Could the B-EMUs be what the Manukau South Link needed?
With the news Auckland Council is to commit to 17 new battery-powered Electric Multiple Units (B-EMUs) (aka the same electric trains we have now but with big batteries to run between Papakura and Pukekohe) (see: Auckland Council to Decide on New Trains to Cater for Southern Auckland Growth) a comment on service patterns did come up. The B-EMUs despite having batteries in them are designed to serve the entire metro rail network from Pukekohe to Swanson with the battery units giving the 17 new units that reach to Pukekohe which does not have the wires yet (and will not until 2025). That said you probably do not want your B-EMUs too far away from Pukekohe so containing them as such pre City Rail Link (due to open 2023) to the Southern Line and possibly the Eastern Line would be the most prudent idea. Now I have mentioned the Manukau South Link so where does this fit with the B-EMU trains.
Transport Planner Stu Donovan who writes for Greater Auckland suggested that the B-EMUs be used to run from Pukekohe to Manukau outside the peaks while a direct Pukekohe to Britomart express service (with a stop at Papakura and Otahuhu most likely) would occur in the morning and the reverse in the evening. Given the constraints at Britomart pre-CRL and the fact the South commutes within itself (for the most part) running Pukekohe to Manukau every 15 minutes outside of the peak is not an idea that should be dismissed.
Yes this does mean building the Manukau South Link to allow direct services from Pukekohe and Papakura to Manukau Station return eliminating the need for a cumbersome transfer at Puhinui. Trip time would be 14 minutes from Papakura to Manukau while add another 15 minutes going to Pukekohe. The bus is at least 33 minutes from Papakura to Manukau and the car can range anywhere between 10 minutes to 30 minutes from Takanini to Manukau depending on conditions.
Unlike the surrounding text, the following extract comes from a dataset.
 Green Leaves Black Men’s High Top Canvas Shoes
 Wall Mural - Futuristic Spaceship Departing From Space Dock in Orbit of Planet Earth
Auckland Transport have also stated they would like 80% of Southern Auckland commuters not to go further north than Manukau or the Airport. However, Auckland Transport future transport program does not exactly support this (they use busses) where as the Manukau South Link would support such a scheme.
As for catchment this was what the models showed:
The catchment increases with the Manukau South Link.
Auckland Transport have been asked to model the Manukau South Link before but say it is too hard with the Inland Port supposedly in the road. Given there are more complex junctions overseas handling more traffic than the Southern Line would ever handle I think Auckland Transport need to be a bit more creative here. As for port traffic Port of Auckland typical conducts their freight shuttling at night to avoid conflicts with passenger train traffic so the shuttles do not present the issue with conflicts. Ironically in that post I did say the South Link was shelved but would be back – most likely when the Auckland Plan was being refreshed in 2017 (aka now). All-in-all when looking back at that post the ducks have since lined up with the B-EMU being the final duck needing to be lined up.
The 17 new B-EMUs gives an extra capacity of 6,375 passenger to the existing 21,375 capacity already available with the 57 EMUs we currently have. If we were to run a standard 3-car B-EMU between Pukekohe and Manukau every 15 minutes (four trains an hour) we have capacity at a rate of 1,500 passengers an hour heading in and out of Manukau to go south (double if running 6-car sets). The question becomes is that enough capacity, not enough or too much capacity? Given Takanini to Pukekohe is the fastest growing residential/population growth area outside of the City Centre coupled with Transform Manukau by Panuku Development Auckland, 1,500 passenger per hour capacity in and out of Manukau City Centre going south would be enough for at least until the City Rail Link goes live. Remember Papakura to Manukau in 14 minutes via the South Link is the fastest way to get to South Auckland’s core reliably (the Southern Motorway is not reliable) so the level of service and the speed compared to alternatives makes the service attractive from go.
As for Puhinui I have never been a fan of the transfer at Puhinui for Papakura to Manukau services owing to the amount of back tracking done to get to the Manukau Branch Line from Puhinui. In any case Puhinui Station is not going to be in a position to support transfer traffic from the South to Manukau (and vice versa) as the Southern Airport Line (Airport to Manukau via Puhinui) draws nearer. Puhinui will be busy handling transfer traffic from the Southern Line to the Airport Line including inter-city traffic. Moving the Manukau-South traffic away with the Manukau South Link would be prudent. For more on Puhinui see: Puhinui Station in Need of Four Platforms.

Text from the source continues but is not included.